How to safely remove birds from your home
I am a huge animal lover, and it has always pained me to have to move an animal from their chosen spot, even if that place happened to be a huge inconvenience or problem for me. Those little creatures have a right to happiness too, right? But when they set up reside in or around the house, it's important to remember who actually pays the mortgage.
Birds in old house attics are actually quite common, thanks to deterioration of soffits, vent openings that haven't been covered properly, and simple neglect that allows for damaged areas to remain. Besides that, a particular lovely bird known as the chimney swift prefers to build nests on the inside walls of chimneys; old houses happen to have clay liners in stone or brick and mortar chimneys, which is much easier for them to hold onto than the sleek metal liners of modern homes.
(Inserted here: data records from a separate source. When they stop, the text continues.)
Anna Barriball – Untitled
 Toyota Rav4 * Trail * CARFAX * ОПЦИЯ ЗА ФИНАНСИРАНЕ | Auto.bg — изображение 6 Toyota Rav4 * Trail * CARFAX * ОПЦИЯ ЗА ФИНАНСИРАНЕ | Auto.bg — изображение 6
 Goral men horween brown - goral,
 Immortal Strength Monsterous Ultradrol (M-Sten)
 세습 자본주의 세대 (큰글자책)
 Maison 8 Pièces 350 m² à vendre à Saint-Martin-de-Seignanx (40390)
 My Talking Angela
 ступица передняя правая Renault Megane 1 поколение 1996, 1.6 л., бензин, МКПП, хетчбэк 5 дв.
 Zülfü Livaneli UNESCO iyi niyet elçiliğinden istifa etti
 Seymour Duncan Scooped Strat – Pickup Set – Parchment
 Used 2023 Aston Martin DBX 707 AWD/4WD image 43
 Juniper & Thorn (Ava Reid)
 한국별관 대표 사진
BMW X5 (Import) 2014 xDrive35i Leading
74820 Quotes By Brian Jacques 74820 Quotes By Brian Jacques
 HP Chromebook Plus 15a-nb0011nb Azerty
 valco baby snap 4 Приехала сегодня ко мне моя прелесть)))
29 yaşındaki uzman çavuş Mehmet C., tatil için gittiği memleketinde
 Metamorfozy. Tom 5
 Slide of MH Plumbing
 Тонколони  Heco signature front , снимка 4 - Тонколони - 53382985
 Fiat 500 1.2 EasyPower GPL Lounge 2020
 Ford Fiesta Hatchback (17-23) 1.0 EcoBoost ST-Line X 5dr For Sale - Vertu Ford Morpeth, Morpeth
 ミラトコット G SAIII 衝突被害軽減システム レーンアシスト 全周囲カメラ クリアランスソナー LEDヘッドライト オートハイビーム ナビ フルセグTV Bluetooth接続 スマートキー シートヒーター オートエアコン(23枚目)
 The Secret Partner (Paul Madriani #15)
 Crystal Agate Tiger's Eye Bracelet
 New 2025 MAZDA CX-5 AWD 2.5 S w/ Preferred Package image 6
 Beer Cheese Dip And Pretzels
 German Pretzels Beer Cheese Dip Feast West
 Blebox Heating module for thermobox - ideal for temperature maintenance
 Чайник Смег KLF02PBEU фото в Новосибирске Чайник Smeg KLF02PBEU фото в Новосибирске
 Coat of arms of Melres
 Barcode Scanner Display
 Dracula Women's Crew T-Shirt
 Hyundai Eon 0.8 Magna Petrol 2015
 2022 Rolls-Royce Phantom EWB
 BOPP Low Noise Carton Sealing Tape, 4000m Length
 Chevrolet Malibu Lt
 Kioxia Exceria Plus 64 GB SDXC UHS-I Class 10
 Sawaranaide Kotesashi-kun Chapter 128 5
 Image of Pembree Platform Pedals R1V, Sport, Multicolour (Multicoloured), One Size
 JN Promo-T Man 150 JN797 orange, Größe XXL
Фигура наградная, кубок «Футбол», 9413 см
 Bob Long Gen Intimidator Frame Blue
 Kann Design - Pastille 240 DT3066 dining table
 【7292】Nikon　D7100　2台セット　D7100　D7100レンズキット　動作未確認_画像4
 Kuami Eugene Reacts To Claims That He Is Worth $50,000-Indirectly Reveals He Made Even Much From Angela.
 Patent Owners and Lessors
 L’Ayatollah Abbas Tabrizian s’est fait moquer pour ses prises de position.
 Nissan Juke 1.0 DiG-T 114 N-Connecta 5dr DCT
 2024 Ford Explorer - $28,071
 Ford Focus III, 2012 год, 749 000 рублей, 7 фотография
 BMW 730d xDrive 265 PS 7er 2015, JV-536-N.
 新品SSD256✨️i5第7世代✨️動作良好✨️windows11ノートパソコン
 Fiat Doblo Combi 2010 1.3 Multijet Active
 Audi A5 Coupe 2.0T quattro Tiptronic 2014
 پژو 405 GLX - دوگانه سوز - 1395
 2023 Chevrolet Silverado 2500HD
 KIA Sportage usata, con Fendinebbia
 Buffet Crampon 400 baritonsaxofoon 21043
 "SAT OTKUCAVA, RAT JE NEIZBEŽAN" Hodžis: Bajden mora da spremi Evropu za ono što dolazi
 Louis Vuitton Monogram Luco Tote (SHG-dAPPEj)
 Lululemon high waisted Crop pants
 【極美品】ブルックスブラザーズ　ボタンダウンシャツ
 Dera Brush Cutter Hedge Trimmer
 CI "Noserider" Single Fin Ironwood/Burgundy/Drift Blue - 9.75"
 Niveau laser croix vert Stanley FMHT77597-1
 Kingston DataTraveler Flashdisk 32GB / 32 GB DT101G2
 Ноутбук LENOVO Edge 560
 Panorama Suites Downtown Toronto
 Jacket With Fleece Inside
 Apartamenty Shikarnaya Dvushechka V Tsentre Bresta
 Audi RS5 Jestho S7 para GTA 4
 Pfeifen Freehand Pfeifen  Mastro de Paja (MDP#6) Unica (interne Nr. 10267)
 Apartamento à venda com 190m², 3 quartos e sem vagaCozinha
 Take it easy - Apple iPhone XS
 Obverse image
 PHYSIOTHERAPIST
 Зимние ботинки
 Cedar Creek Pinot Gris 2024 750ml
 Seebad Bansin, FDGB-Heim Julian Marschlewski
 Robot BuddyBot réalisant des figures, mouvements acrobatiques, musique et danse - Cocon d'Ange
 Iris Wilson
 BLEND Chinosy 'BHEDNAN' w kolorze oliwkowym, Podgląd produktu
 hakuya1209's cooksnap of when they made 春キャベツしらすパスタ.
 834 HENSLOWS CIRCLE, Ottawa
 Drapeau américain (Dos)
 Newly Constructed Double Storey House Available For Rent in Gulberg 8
There are a few guidelines to remember when removing birds from your home. The biggest issue is the nest: Do they have one? Are there eggs or fledglings in it? The presence of a nest doesn't preclude you from exclusion methods to keep the bird out. However, if the bird already has eggs or fledglings, the best thing to do is simply leave them alone for a few weeks. Most baby birds find their way into the world within three to four weeks; as soon as you notice the nest is empty, use simply exclusion measures to keep the birds from coming back.
For chimney swifts, the story is a bit different. These beautiful creatures are protected under the Migratory Bird Treaty Act. Anyone who knowingly destroys them or their nests can be fined or penalized. However, these tiny nests can be left in place until the young have flown the coop, and then a chimney cap can prevent them from coming back.
It's a good idea to hire a professional to ensure that your home is sealed off from new birds showing up to create nests in attractive places. A wildlife exclusion expert might charge anywhere from $300 to $1,000 or more, depending upon the extent of the work, but it's worth it to ensure your feathered friends stay safe and your home is yours, and yours alone.